Time for new thinking in research aid!

Since the 1970s, Swedish research assistance has focused on building research capacity in developing countries, in order to strengthen the independence of these countries. But international cooperation is no longer just about solidarity - it is about common survival. Therefore, Sweden needs to rethink research and development assistance, and seriously bring the global challenges to the research agenda, writes researcher David Nilsson.

When the UN General Assembly adopted the global goals for sustainable development last year, the game plan for international development cooperation was changed. In previous decades, there has been talk that poor countries need aid to "catch up", but Agenda 2030 - of which the global goals are a part - is at least as much about change in richer countries. This change requires political will, but also knowledge. Agenda 2030 opens up a completely new way of thinking and acting in the field of research. So how long will it take before the token falls down?

For over 50 years, Sweden as part of international development cooperation has provided support for research around the world. The model for research aid has been more or less unchanged since 1975 when SAREC, the former Swedish aid authority for research collaboration, was formed. Research aid rests firmly on three cornerstones: building research capacity in developing countries; funding of research in areas relevant to developing countries and support for and development of the Swedish academic resource base.

Lack of collaboration with the Swedish research councils

Over the years, the emphasis has been on building research capacity in developing countries. When SAREC was suddenly closed down in 1995 and Sida took over responsibility for research assistance, it looked on the surface as a major change, but operations continued according to the same model. Partner countries and partner organizations have come and gone; Thematic orientations and forms of cooperation have followed the trends in development assistance and evaluations have led to adjustments, but the emphasis on capacity building in developing countries has remained.

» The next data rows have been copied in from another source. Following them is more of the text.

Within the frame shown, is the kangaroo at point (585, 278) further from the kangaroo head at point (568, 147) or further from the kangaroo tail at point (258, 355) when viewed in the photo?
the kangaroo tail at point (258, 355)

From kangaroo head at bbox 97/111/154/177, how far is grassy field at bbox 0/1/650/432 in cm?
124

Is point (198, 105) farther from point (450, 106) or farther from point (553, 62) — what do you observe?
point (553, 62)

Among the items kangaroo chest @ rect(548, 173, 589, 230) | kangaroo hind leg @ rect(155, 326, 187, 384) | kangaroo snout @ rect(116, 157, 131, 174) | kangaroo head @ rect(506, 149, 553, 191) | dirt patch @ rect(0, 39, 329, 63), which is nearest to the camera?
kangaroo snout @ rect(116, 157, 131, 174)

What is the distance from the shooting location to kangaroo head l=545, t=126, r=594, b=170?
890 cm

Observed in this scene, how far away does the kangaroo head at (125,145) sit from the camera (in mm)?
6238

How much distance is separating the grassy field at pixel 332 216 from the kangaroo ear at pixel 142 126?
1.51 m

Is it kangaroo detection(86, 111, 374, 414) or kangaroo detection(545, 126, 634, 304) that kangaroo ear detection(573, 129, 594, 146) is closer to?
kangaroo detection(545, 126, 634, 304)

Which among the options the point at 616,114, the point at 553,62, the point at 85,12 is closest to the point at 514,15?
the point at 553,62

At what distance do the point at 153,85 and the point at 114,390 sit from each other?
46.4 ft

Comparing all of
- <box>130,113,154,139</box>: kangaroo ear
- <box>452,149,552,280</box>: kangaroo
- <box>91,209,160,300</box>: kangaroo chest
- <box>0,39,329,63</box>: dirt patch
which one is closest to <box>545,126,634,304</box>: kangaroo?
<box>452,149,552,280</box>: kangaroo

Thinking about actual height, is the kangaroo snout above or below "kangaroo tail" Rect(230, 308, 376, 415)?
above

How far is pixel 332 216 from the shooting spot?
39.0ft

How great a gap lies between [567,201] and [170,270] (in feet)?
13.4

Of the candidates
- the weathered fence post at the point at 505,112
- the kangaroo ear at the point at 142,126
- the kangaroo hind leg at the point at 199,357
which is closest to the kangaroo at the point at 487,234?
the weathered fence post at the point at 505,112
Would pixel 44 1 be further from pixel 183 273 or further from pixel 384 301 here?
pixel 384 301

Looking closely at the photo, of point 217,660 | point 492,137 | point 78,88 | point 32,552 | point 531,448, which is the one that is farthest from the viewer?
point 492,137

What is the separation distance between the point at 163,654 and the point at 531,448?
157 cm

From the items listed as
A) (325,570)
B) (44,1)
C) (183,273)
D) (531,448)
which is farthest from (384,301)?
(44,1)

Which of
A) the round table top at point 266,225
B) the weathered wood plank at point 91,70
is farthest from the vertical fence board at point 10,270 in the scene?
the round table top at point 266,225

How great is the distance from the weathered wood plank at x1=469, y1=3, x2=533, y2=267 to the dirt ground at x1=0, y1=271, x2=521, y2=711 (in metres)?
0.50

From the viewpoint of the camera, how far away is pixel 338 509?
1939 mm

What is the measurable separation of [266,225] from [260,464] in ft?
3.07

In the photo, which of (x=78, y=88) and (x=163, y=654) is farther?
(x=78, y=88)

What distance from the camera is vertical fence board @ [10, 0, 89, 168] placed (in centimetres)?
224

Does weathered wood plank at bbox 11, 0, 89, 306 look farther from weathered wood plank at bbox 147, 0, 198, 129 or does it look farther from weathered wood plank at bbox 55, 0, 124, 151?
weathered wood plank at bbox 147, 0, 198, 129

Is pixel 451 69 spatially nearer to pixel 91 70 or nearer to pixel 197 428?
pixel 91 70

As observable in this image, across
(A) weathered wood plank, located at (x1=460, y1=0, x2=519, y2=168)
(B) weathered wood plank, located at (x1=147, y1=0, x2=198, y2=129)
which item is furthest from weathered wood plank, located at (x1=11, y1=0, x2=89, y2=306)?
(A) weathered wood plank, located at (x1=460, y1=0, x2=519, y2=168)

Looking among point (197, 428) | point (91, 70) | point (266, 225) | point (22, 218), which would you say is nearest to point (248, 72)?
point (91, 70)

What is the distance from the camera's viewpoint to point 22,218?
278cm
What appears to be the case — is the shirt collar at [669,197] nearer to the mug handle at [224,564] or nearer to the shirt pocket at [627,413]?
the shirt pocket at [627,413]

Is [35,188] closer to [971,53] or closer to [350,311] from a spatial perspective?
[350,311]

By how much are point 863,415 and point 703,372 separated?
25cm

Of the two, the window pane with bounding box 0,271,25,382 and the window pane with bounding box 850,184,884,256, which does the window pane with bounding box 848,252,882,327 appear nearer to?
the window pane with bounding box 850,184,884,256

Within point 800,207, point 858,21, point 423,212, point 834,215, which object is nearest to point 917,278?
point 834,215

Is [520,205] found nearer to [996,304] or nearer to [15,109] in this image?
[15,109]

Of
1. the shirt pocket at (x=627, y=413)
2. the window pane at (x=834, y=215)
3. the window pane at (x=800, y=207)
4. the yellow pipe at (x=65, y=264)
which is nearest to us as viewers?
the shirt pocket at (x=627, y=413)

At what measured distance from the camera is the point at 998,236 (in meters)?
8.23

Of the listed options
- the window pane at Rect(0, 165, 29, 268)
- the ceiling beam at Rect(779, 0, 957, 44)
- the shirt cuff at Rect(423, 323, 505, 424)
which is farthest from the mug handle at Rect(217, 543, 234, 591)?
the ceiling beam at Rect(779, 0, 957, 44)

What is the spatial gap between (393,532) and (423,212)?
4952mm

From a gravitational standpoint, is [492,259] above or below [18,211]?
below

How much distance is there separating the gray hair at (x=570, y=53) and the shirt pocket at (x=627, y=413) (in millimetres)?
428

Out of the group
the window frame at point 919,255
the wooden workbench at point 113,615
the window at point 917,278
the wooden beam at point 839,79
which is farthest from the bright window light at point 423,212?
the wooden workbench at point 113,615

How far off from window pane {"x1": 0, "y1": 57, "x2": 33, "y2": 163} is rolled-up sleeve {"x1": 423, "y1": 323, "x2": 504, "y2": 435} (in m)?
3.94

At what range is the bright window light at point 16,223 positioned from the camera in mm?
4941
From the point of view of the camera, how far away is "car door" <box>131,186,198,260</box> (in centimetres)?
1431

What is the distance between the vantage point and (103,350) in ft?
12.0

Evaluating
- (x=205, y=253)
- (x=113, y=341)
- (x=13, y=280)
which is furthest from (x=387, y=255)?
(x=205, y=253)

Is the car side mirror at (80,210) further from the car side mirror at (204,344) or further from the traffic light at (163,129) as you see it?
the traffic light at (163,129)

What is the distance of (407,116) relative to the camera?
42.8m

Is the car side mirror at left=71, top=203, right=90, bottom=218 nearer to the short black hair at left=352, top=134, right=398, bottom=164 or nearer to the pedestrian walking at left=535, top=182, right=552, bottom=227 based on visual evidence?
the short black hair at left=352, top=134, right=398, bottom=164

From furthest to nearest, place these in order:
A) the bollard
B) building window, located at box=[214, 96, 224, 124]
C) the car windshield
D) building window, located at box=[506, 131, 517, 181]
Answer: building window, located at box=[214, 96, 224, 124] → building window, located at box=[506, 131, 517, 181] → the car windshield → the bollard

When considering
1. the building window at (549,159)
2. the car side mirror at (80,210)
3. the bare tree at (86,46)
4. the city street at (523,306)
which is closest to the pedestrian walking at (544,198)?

Undoubtedly, the SAREC model was thoroughly developed. The inquiry that during the years 1971-1973 drew up the guidelines for research assistance consisted of some of the most prominent people in development and research at the time. But what was it like when you reasoned? First and foremost, they wanted to build up development research as part of development assistance rather than as part of the larger Swedish research agenda. Research aid was to contribute to development in the poor countries, and collaboration with the Swedish research councils was therefore given secondary importance.

To reason like that was not a matter of course at this time. The OECD, the UN and the World Bank all said that both a change in national research agendas in the North and support for capacity building in the South were needed. Sweden chose to invest in the latter. The Swedish line was clear: knowledge is power and only by building up its own research capacity can poor countries gain power over their situation.

Global challenges require global action

So how does that reasoning stand today? Compared to 1973, the world looks different to say the least. When the Cold War ended, the geopolitical playing field changed; for Sweden as a small non-aligned country, as well as for many developing countries. With the accession to the EU in 1995, Sweden was able to begin to influence EU aid, but at the same time our ability to pursue our own foreign policy line diminished. Low- and middle-income countries are today connected to each other in new ways through south-south cooperation, trade and direct investment. But above all, it is the global challenges that have changed in nature.

Today we know that without increased international cooperation, we do not have a chance to successfully deal with cross-border and crucial issues such as climate change, water scarcity, migration and security. It is no longer just about solidarity - it is about common survival. The original idea of ​​Swedish research aid - to strengthen the intellectual and scientific independence of developing countries - is clearly outdated in a world where we are becoming increasingly dependent on each other.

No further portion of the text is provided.